Database Replication: Leader-Follower, CAP Theorem & Consistency Strategies for High Availability
Replication is the canonical strategy for high availability: data is copied to multiple database servers. If the primary server fails, a replica can be promoted to take over. But replication introduces complexity. Changes propagate asynchronously—a replica may lag behind the leader by seconds or minutes. Reads from a replica may return stale data. The system must handle failures: what if a replica crashes during a write? What if the network partitions and the leader is isolated? These questions are addressed by the CAP theorem: in a distributed system, you can guarantee at most two of Consistency, Availability, and Partition tolerance. This guide covers replication topologies, failure modes, and strategies for building highly available systems.
Software Engineer · Database · Distributed Systems
Replication Topologies
Leader-Follower (Master-Slave)
One leader node accepts all writes. Writes are replicated to one or more follower nodes (read replicas). Reads can be distributed across followers, scaling read throughput. This is the most common topology.
Leader (Primary) → Followers (Read Replicas)
↓ writes replicated asynchronously
Follower 1
Follower 2
Follower 3
Multi-Leader (Master-Master)
Multiple leaders accept writes concurrently. Changes are replicated between leaders. This allows writes in multiple data centers but introduces complexity: conflicting writes must be resolved.
Leaderless (Peer-to-Peer)
All replicas are equal; any can accept writes. Changes are replicated to other replicas asynchronously. Used in systems like Cassandra and Dynamo. Provides high availability but requires conflict resolution.

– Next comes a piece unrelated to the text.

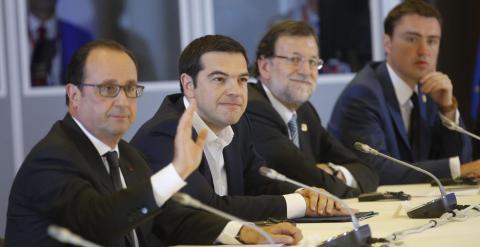 Alexis Tsipras, en la cumbre extraordinaria sobre la crisis helena celebrada en la sede del Consejo Europeo en Bruselas, en la que se sentó entre el presidente francés François Hollande y el español Mariano Rajoy. EFE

Replication Lag and Its Implications
Replication is asynchronous: the leader commits a write before it is replicated to followers. In the window between the write and replication, the leader and followers are inconsistent.
t=0: Client writes "balance = 100" to leader
t=0: Leader commits; returns success to client
t=10ms: Replication message reaches follower
t=10ms: Follower applies the write
// Between t=0 and t=10ms, a read from the follower returns stale data
Reading Your Own Writes
After writing, a user reads their own data. If the read hits a replica that has not yet received the replication message, the user sees stale data. Mitigation:
- Read-your-own-writes consistency: Route reads after writes to the leader for a brief window (e.g., 1 minute).
- Version numbers: Return the write timestamp to the client; if a read's timestamp is older, re-read from the leader.
The CAP Theorem: The Fundamental Trade-Off
Any distributed data store can guarantee at most two of:
- Consistency: All clients see the same data.
- Availability: Every request returns a response (not an error).
- Partition tolerance: The system continues operating even if the network is partitioned.
CA Systems (Consistency + Availability)
Example: Traditional relational databases with synchronous replication. If a partition occurs, the system halts to preserve consistency. Availability is sacrificed.
CP Systems (Consistency + Partition Tolerance)
Example: Leader-follower with synchronous replication. If a network partition isolates the leader, the system halts writes (sacrificing availability) to preserve consistency.
AP Systems (Availability + Partition Tolerance)
Example: Dynamo, Cassandra. If a partition occurs, requests are still served from whichever partition the client is in. Consistency is not guaranteed; the system uses eventual consistency.
Synchronous vs Asynchronous Replication
Synchronous (Strong Consistency)
The leader waits for acknowledgment from all (or a quorum of) followers before committing a write. If any follower fails, the write blocks.
Client → Leader: Write "balance = 100"
Leader → Followers: Replicate
Followers → Leader: Acknowledge (all must ack)
Leader → Client: Write committed (all replicas have it)
Pros: Strong consistency. Cons: Slow (blocked on slowest replica), unavailable if any replica fails.
Asynchronous (Eventual Consistency)
The leader commits immediately and replicates in the background. If the leader crashes before replication, data is lost.
Client → Leader: Write "balance = 100"
Leader → Client: Write committed (immediately)
Leader → Followers: Replicate (in background)
Pros: Fast, available even if replicas fail. Cons: Data loss if leader crashes, stale reads on replicas.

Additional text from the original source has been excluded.